Разумеется, как справедливо отмечает Нидерле, славяне тоже вовсе не были тихим, “голубиным” народом, что и понятно каждому, кто мало-мальски знаком с их историей. Но следует помнить, что такой “перехлест”, за который Нидерле критикует Коллара и некоторых других будителей, был вызван необходимостью преодолеть господствовавший в их эпоху взгляд на славян как неспособных к культурному развитию варваров, к тому же будто бы отличавшихся зверской, неслыханной жестокостью. Такой взгляд на славян как на существа скорее человекоподобные, нежели человеческие, сформировался во франкской Европе довольно рано, получил художественное воплощение в “Песни о Роланде”*** и оказался на редкость живучим, иначе не мог бы с такой легкостью быть реанимирован идеологией Третьего рейха.

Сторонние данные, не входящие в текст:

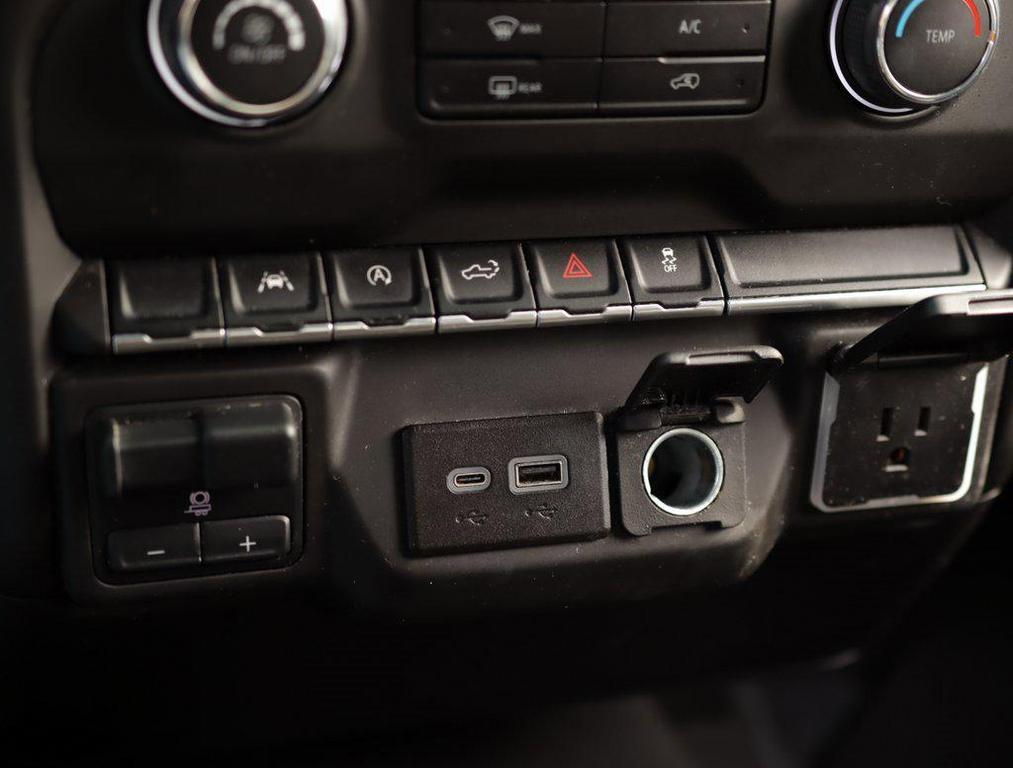 used 2024 Chevrolet Silverado 1500 car, priced at $38,970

О взгляде немцев эпохи Карла Великого на славян как на “низшую расу” пишет, как мы видели, и Нидерле, подчёркивая, что воинская жестокость славян, была, в общем, ответной, а что еще более примечательно — практически никогда не распространялась за пределы поля боя. И те же самые хронисты, которые сообщают о воинской ярости и неукротимости славян, вместе с тем “рассказывают, что славяне мягко обращаются с пленными и рабами, что спустя некоторое время отпускают их совсем на свободу…”**** — словом, демонстрируют совсем иной стереотип отношения к врагу, основанный на восприятии его как человеческого существа. Отсюда и слабая склонность славян к обращению пленных в рабов, тогда как для франков и преимущественно немцев именно славяне стали первым в Европе народом, на котором Западом отрабатывалась та модель отношения к народам, обитающим за пределами собственно европейской цивилизационной ойкумены, которая в таких масштабах и с такой жестокостью развернется в эпоху Великих географических открытий, первых колониальных разделов и работорговли. Именно славяне были этносом, в глазах франков (прото-Европы) словно бы и предназначенным в добычу западным работорговцам: так, например, Стефан Лебек (“Происхождение франков”) полагает, что даже само французское слово йsclave (раб) “происходит, как и соответствующие ему выражения в целом ряде других европейских языков, от slave — славянский, славянин”.